#### [DATA FOR THIS TASK]
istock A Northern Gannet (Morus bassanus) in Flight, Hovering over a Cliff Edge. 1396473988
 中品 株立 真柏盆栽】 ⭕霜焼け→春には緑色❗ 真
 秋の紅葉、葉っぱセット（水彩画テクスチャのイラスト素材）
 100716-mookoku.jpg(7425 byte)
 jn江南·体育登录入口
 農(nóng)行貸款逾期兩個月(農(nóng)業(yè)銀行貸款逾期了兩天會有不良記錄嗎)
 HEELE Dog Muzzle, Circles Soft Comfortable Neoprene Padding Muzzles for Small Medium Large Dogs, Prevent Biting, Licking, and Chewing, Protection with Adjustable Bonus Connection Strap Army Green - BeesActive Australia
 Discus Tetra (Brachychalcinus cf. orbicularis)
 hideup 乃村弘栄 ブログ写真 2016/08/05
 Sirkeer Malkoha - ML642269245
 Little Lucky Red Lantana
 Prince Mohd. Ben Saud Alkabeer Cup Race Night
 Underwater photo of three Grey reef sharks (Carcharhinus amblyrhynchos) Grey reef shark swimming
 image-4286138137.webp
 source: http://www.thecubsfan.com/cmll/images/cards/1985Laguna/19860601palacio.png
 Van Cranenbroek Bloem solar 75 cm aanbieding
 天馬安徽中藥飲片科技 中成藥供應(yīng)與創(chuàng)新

#### [TASK DIRECTIONS]
Beginning with the line containing "HEELE Dog Muzzle, Circles", repeat each line of the listing above, exactly, through the last one, and stop there.

#### [RESPONSE TO THE TASK]
 HEELE Dog Muzzle, Circles Soft Comfortable Neoprene Padding Muzzles for Small Medium Large Dogs, Prevent Biting, Licking, and Chewing, Protection with Adjustable Bonus Connection Strap Army Green - BeesActive Australia
 Discus Tetra (Brachychalcinus cf. orbicularis)
 hideup 乃村弘栄 ブログ写真 2016/08/05
 Sirkeer Malkoha - ML642269245
 Little Lucky Red Lantana
 Prince Mohd. Ben Saud Alkabeer Cup Race Night
 Underwater photo of three Grey reef sharks (Carcharhinus amblyrhynchos) Grey reef shark swimming
 image-4286138137.webp
 source: http://www.thecubsfan.com/cmll/images/cards/1985Laguna/19860601palacio.png
 Van Cranenbroek Bloem solar 75 cm aanbieding
 天馬安徽中藥飲片科技 中成藥供應(yīng)與創(chuàng)新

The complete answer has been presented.